How far the stir set up in Europe by his personal magnetism and his personal record may have made for rational culture, it is impossible to estimate; but some consequence there must have been. John of Salisbury was one of Abailard’s disciples and admirers; and, as we saw, he not only noted skepticism in others but indicated an infusion of it in his own mind—enough to earn for him from a modern historian the praise of being a sincere skeptic, as against those false skeptics who put forward universal doubt as a stalking horse for their mysticism.212 But he was certainly not a universal skeptic213; and his denunciation of doubt as to the goodness and power of God214 sounds orthodox enough. What he gained from Abailard was a concern for earnest dialectic.

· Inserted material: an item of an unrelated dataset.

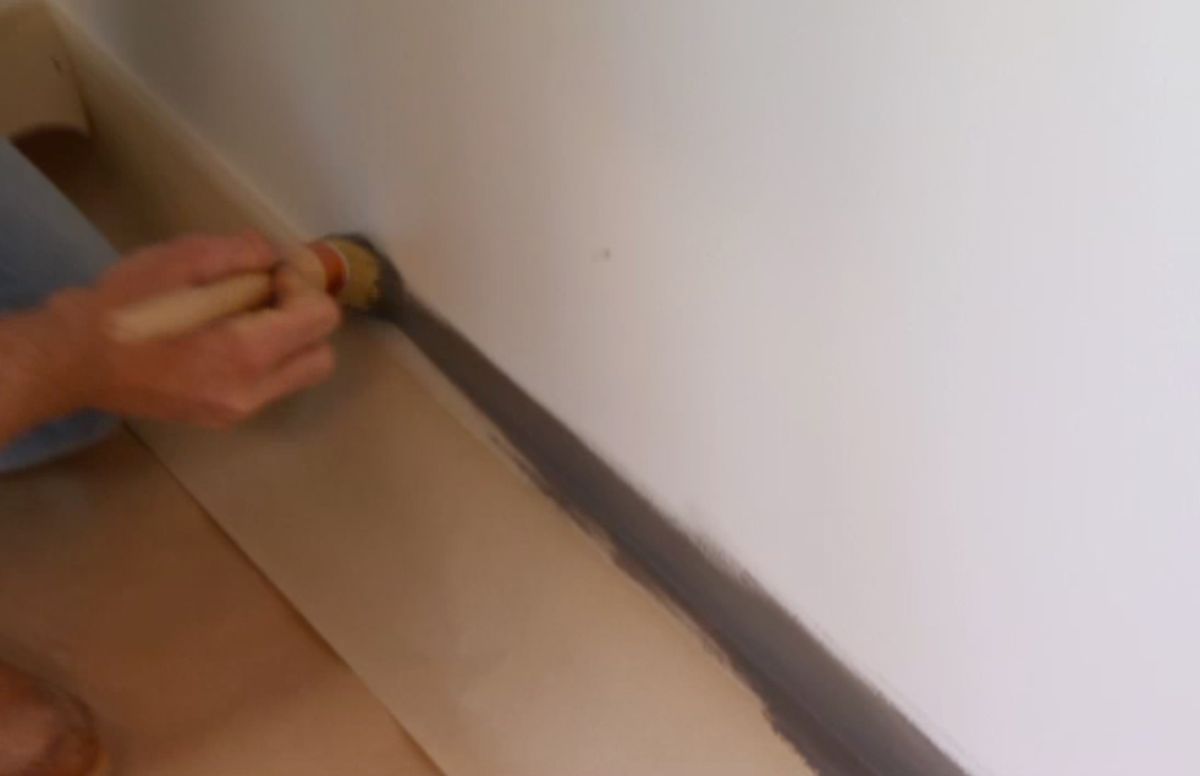 Decorar un estudio de trabajo paso 2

The worst side of scholasticism at all times was that it was more often than not a mere logical expatiation in vacuo; this partly for sheer lack of real knowledge. John of Salisbury probably did not do injustice to the habit of verbiage it developed215; and the pupils of Abailard seem to have expressed themselves strongly to him concerning the wordy emptiness of most of what passed current as philosophic discourse; speaking of the teachers as blind leaders of the blind.216 One version of the legend against Simon of Tournay is to the effect that, after demonstrating by the most skilful arguments the truth of the doctrine of the Trinity, he went on to say, when enraptured listeners besought him to dictate his address so that it might be preserved, that if he had been evilly minded he could refute the doctrine by yet better arguments.217 Heresy apart, this species of dialectical insincerity infected the whole life of the schools, even the higher spirits going about their work with a certain amount of mere logical ceremony.